Pre-draft measurables
| Height | Weight | Arm length | Hand span | 40-yard dash | 10-yard split | 20-yard split | 20-yard shuttle | Three-cone drill | Broad jump |
| 5 ft 11+7⁄8 in (1.83 m) | 196 lb (89 kg) | 31+3⁄4 in (0.81 m) | 9+1⁄2 in (0.24 m) | 4.52 s | 1.60 s | 2.65 s | 4.40 s | 7.16 s | 9 ft 5 in (2.87 m) |
All values from Pro Day

===Tampa Bay Buccaneers===
After going unselected in the 2025 NFL draft, Sanders signed with the Tampa Bay Buccaneers as an undrafted free agent. During a preseason game against the Buffalo Bills on August 23, Sanders was ejected following an unnecessary roughness penalty for punching Bills tight end Zach Davidson after a play. Head coach Todd Bowles said the punch was "inexcusable" in the NFL. On August 26, Sanders was waived by the Buccaneers as part of final roster cuts. On August 30, the NFL issued a $4,669 fine to Sanders for throwing a punch in the preseason game from which he was ejected.

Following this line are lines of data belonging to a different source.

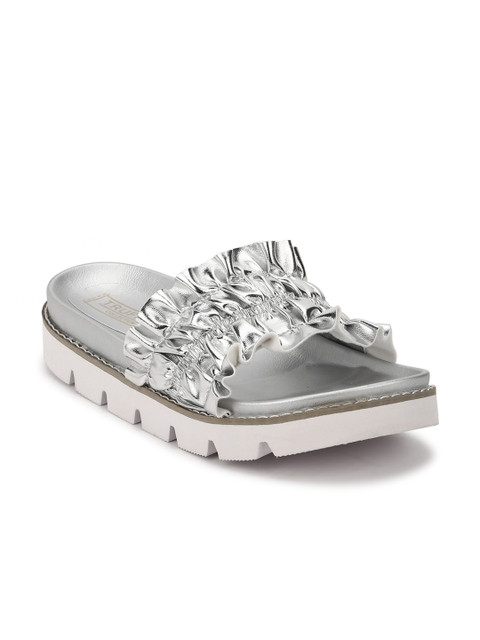 

Truffle Collection Women Silver-Toned Solid Synthetic Open Toe Flats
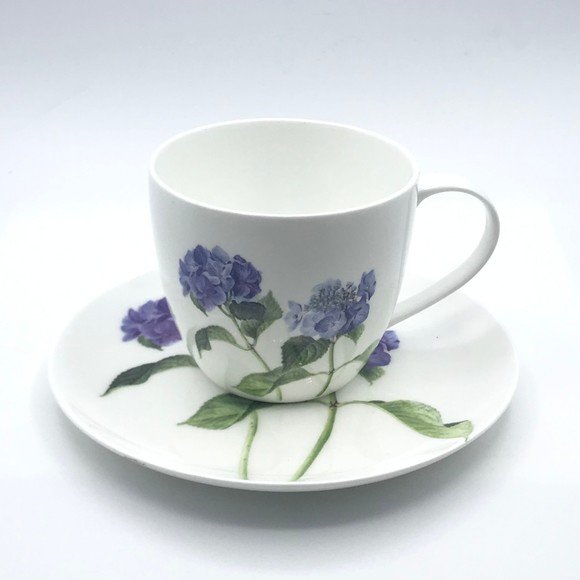 Ashdene Fine Bone China Hydrangea Tea Cup Saucer Set Jenny Phillips Replacement - Picture 1 of 8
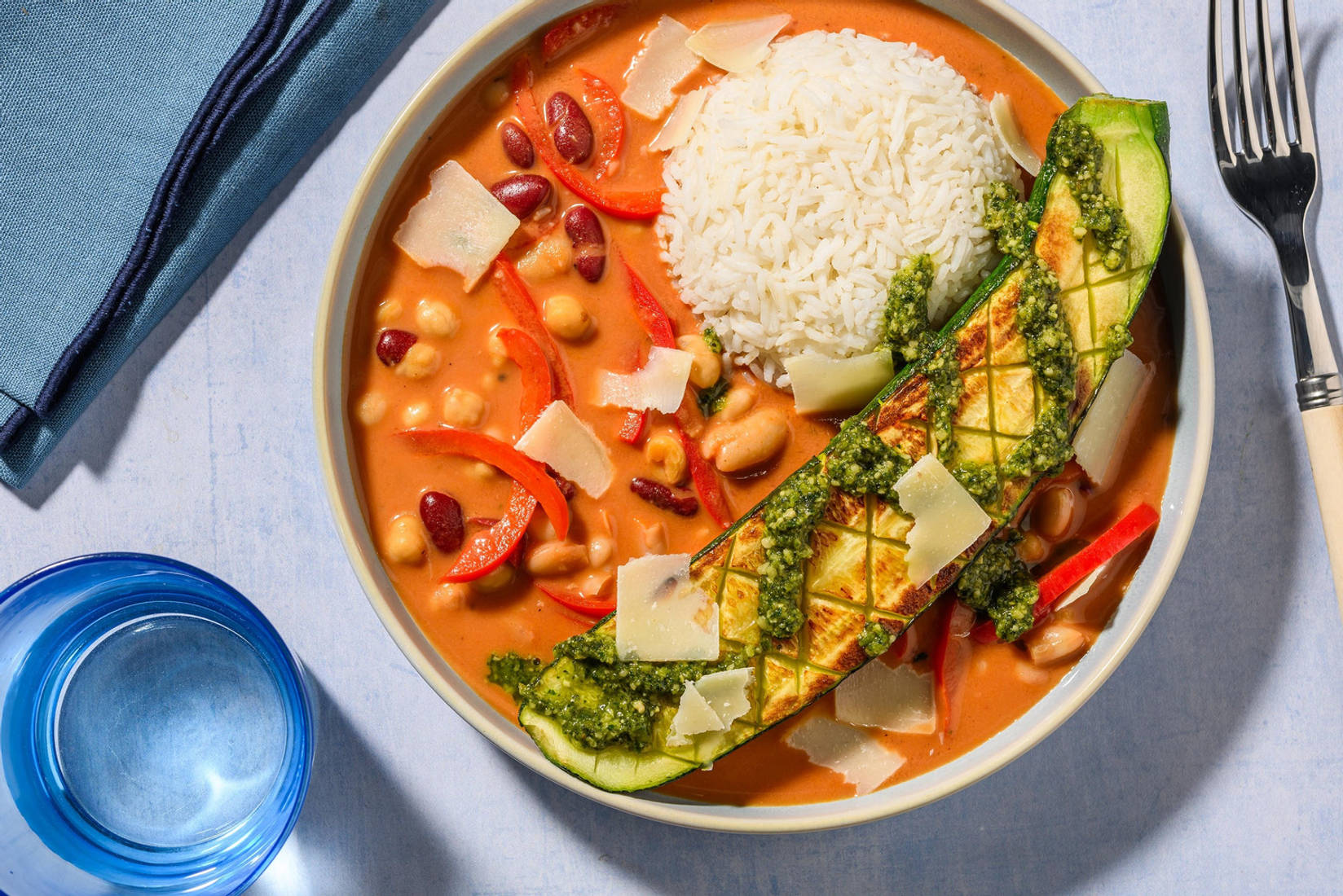 Courgette met romige bonenstoof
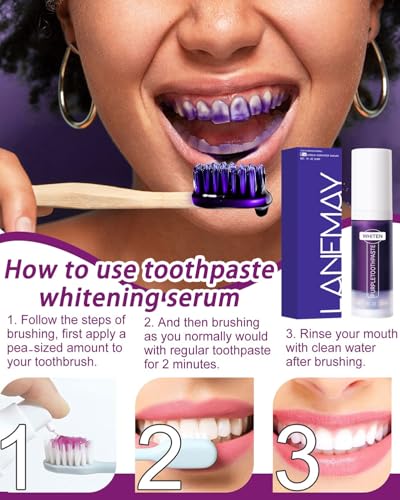 CHBCD 2PCS Original- Purple Teeth Whitening Toothpaste, Whitening Zahnpasta, Zahnfleckenentfernung, Lila Zahnpasta für Zahnaufhellung,Eine Schonende Pflege Des Zahnfleisches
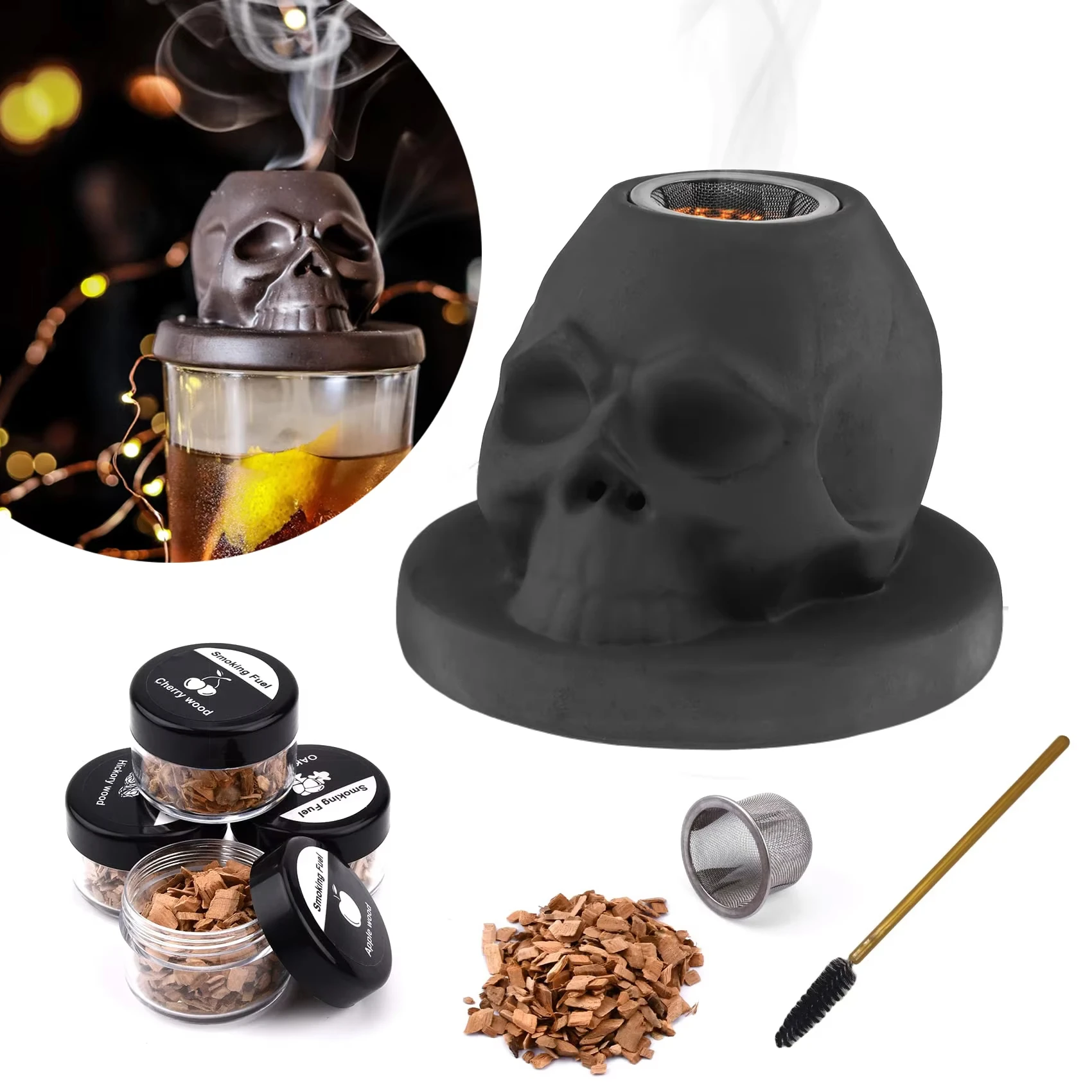 Kit Skull-Shaped Smoke Infuser Ceramics Whiskey Smoker for Drinks Heat-Resistant Easy to Clean Unique Present Kitchen Bar Tool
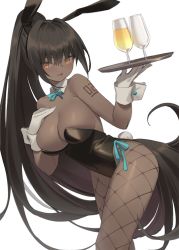 Rule 34 | 1girl, animal ears, aqua bow, aqua bowtie, arm tattoo, black hair, black leotard, blue archive, blush, bow, bowtie, breasts, commentary request, cowboy shot, cup, dark-skinned female, dark skin, detached collar, drinking glass, fake animal ears, fishnet pantyhose, fishnets, gloves, hair between eyes, hand on own chest, highleg, highleg leotard, holding, holding tray, karin (blue archive), karin (bunny) (blue archive), kildir, large breasts, leaning forward, leotard, long hair, looking at viewer, open mouth, pantyhose, playboy bunny, rabbit ears, rabbit tail, sidelocks, simple background, solo, strapless, strapless leotard, tail, tattoo, traditional bowtie, tray, very long hair, white background, white gloves, wrist cuffs, yellow eyes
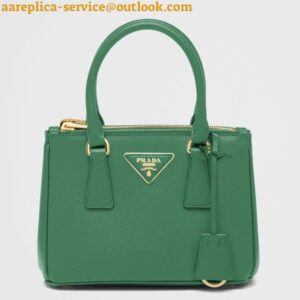 Replica Prada Mini Galleria Bag In Green Saffiano Leather 2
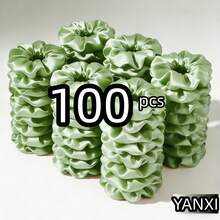 6/20/60/100pcs Sage Green Satin Scrunchies Set, Minimalist Elegant Hair Accessories Ponytail Holders - Sage Green - View 11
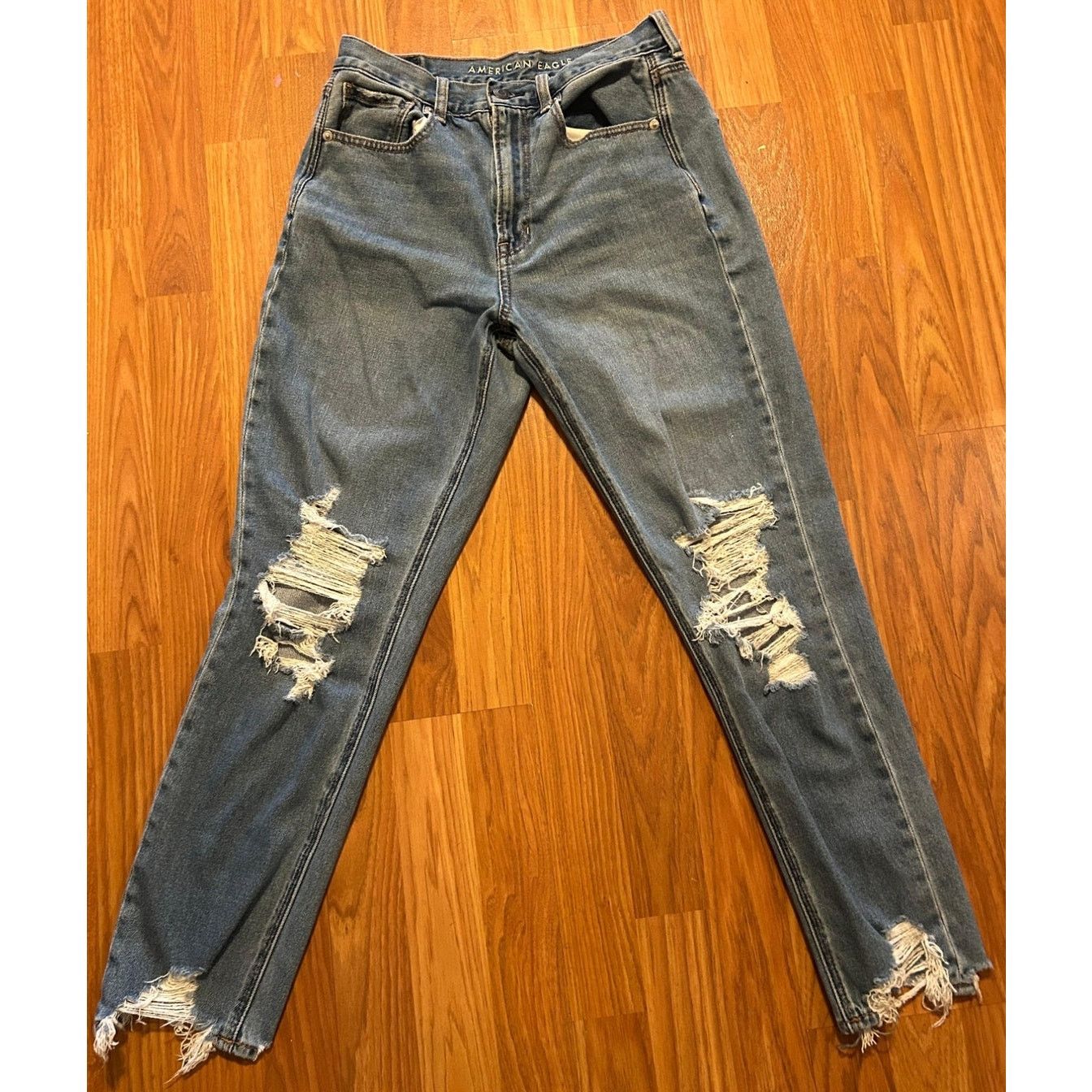 American Eagle Outfitters American Eagle Distressed Acid Wash Jeans - Size 6 Size 28" / US 6 / IT 42 - 2 Thumbnail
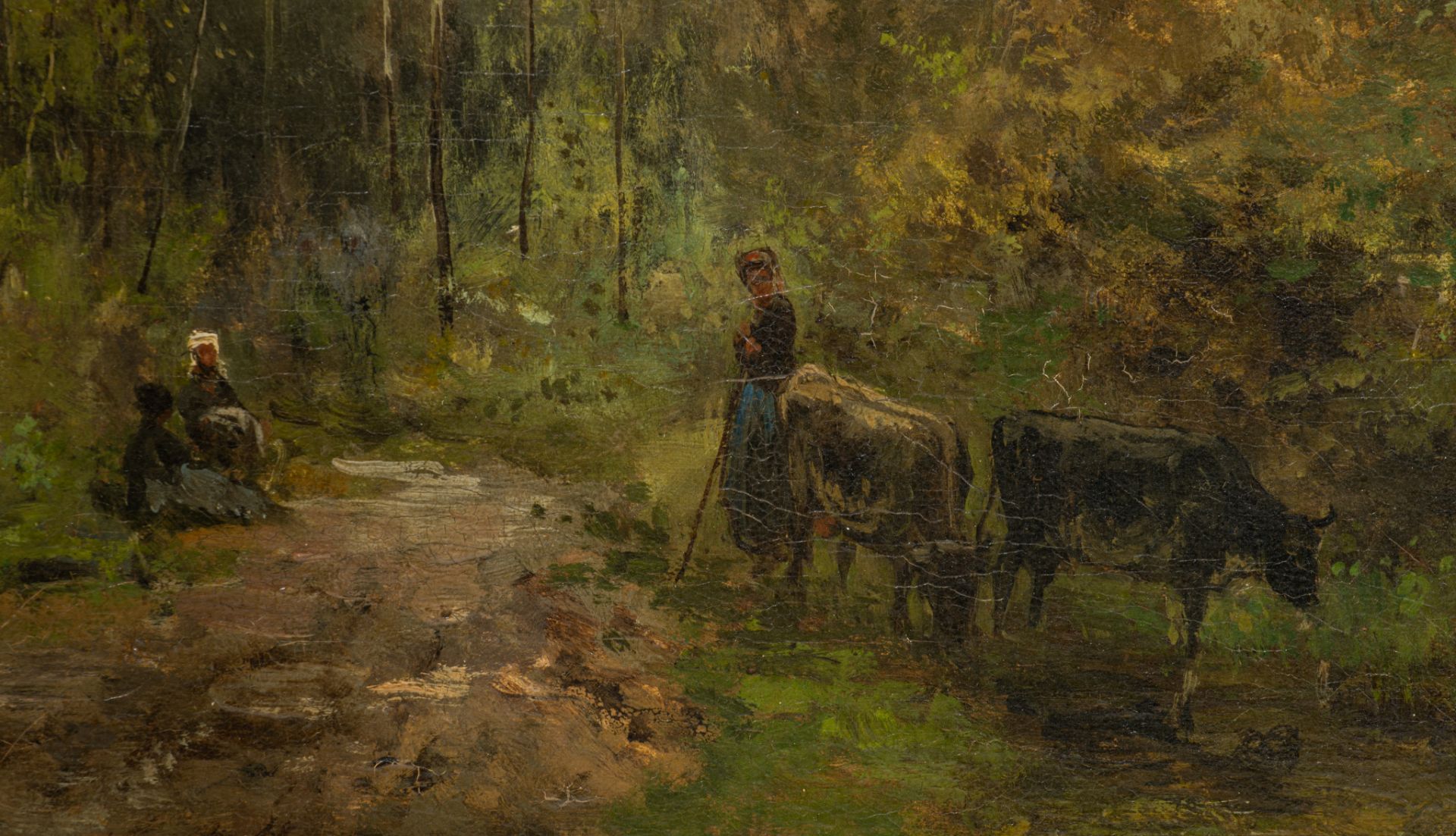Cesar De Cock (1823-1904), figures in a forest near Gasny, 1872, oil on canvas, 36 x 44 cm - Bild 5 aus 5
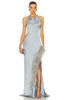 Doubleface Satin Halter Cowl Neck Ostrich Gown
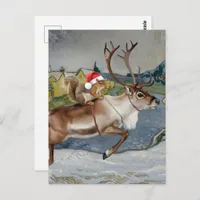  Squirrel Santa and Adorable Reindeer Christmas Postcard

In May 2026, Sanders revealed that he had stopped training and had effectively retired from professional football.

==Personal life==
Sanders's younger brother, Shedeur, was drafted in the 5th round of the 2025 NFL draft by the Cleveland Browns.

An October 2016 lawsuit filed in Dallas District Court alleged Sanders attacked a security officer. Following a dispute about Sanders disrupting a high school class, John Darjean claimed Sanders slammed his elbow into Darjean's chest and continued to hit Darjean after he fell. The case went to trial in 2022, but Sanders did not appear for the trial, so a default judgment was entered against him. The court ordered Sanders to pay Darjean $11.89 million.

In October 2023, Sanders filed for bankruptcy, declaring he had $11.3 million in liabilities, including the court judgment against him. The bankruptcy petition stated Sanders had $478,000 in assets, including a 2023 Mercedes valued at $75,900 and necklaces valued at $75,000. Sanders’ attorney amended the petition in December 2023 to reduce the value of his assets to $320,000. This reduction included the removal of the high-value necklaces from the list of assets as they were alleged to have been on loan pursuant to an NIL deal with Saki Diamonds. Darjean is currently contesting the bankruptcy filing, alleging Sanders transferred funds received from NIL deals to his company, Big 21, LLC, as a way to improperly shield his assets from the judgment he obtained against Sanders personally. Sanders has admitted he did not disclose several social media NIL deals and that he is the sole owner of Big 21 LLC and SS21 LLC, but denied improperly failing to disclose contracts with those companies related to his NIL deals.

There were at least five investigations into the Sanders-Darjean incident. A 2024 examination by USA Today of those investigations reported that four of them "favored John Darjean". The fifth "initially sided" with Sanders, but after additional information surfaced, the investigators changed their position and decided that fault for the incident simply was "unable to be determined".